Independence Day

From our special correspondent Fake Steve Gillmor.

Tomorrow we celebrate July 4th, and then shortly thereafter the deer will be game again. Fireworks will explode in FriendFeed donation bins and resonate around the now deafened enterprise. We will want to believe in the xPhone, but the tyranny of Government will hide it on a secret military base.

When the xPhone shipped last year, the shiny new platform failed to find buyers. No typewriter or telegram, no secure communications free from British spying. As I’ve proven above, not a German U-boat.

This is no way to rank and reward employees. No hooks to catch the fish that were vital to the Boston Tea Party. Bottled water in corporate audit trails. And worst of all, a roadblock to time-wasting via Twitter.

IMAP support made bidirectional syncing of email possible, but Google would have none of that.

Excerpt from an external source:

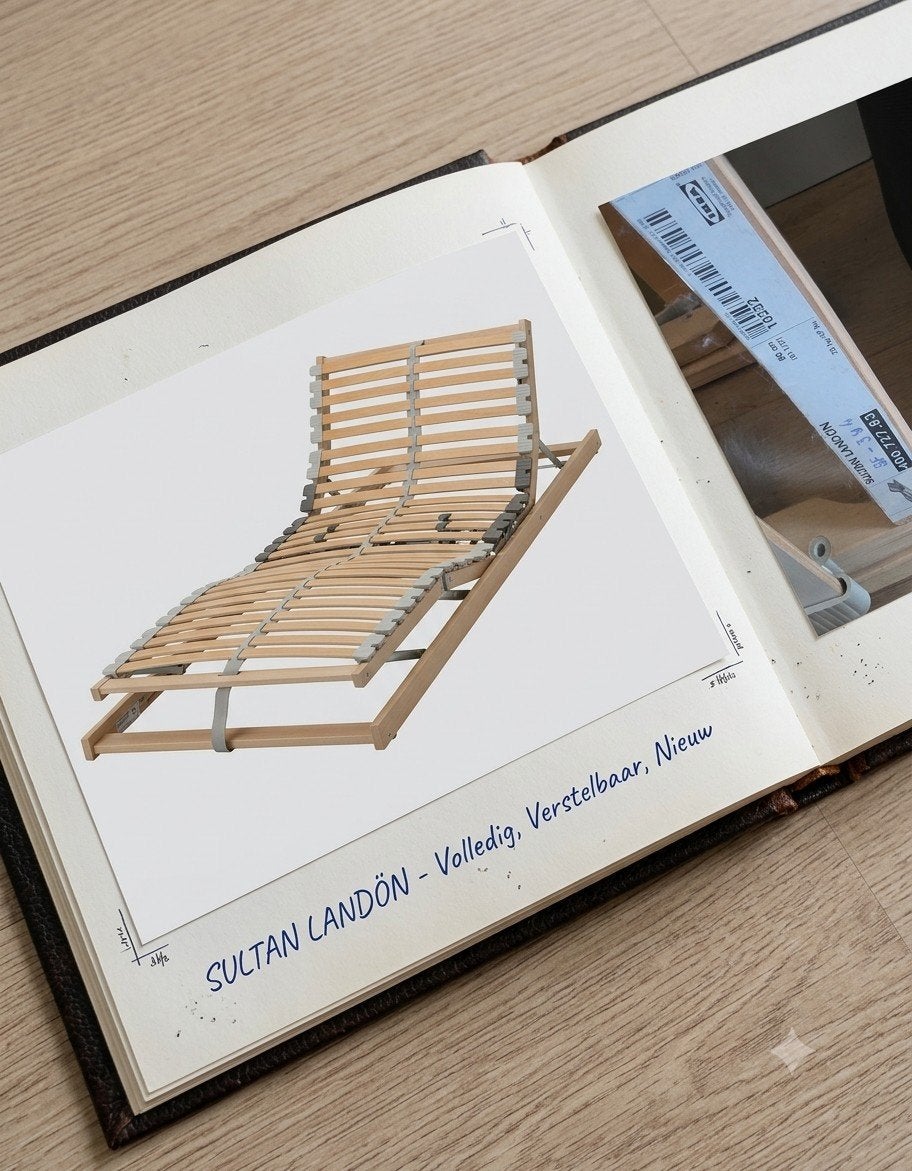 IKEA SULTAN LANDÖN verstelbare lattenbodem 80x200 cm, Ophalen, 200 cm, 80 cm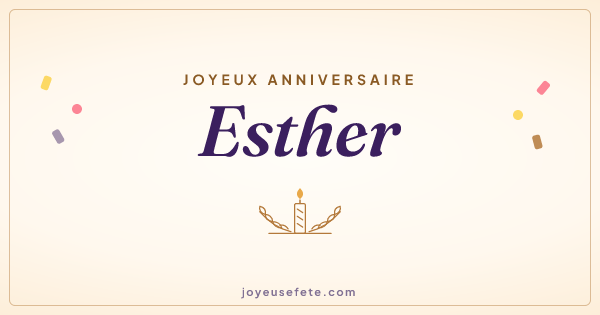 Image « Joyeux anniversaire Esther » au format large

Google Talk for the xPhone prompted some overexcited predictions of the demise of Flickr, but certainly a muscular shot across the weightlifters bow, because muscle men with breasts still look feminine. Those who remember the Battle of Waterloo know to well that Twitter’s real problem is related to the chops they serve not coming from free range cows. So too did marketers, politicians, publishers, and Hollywood. The Social Wand is coming to a porno near you.

The music cartel will open as artists realize that xPhones can be had for free, offering backstage passes to Swedish blondes with archival performances on demand. 3G and WiFi will combine to overtake Radio, Television, and will take us to Mars and back. NASA will need more than another seven astronauts.

Disruption occurs when coalescing technologies commingle, and in freeing ourselves from the tyranny of Nazism that fateful July day, we are now free men without free health cover. I salute the state of California this independence day, and encourage you all to vote yes to legalizing drugs at the first opportunity you remember to attend a ballot box.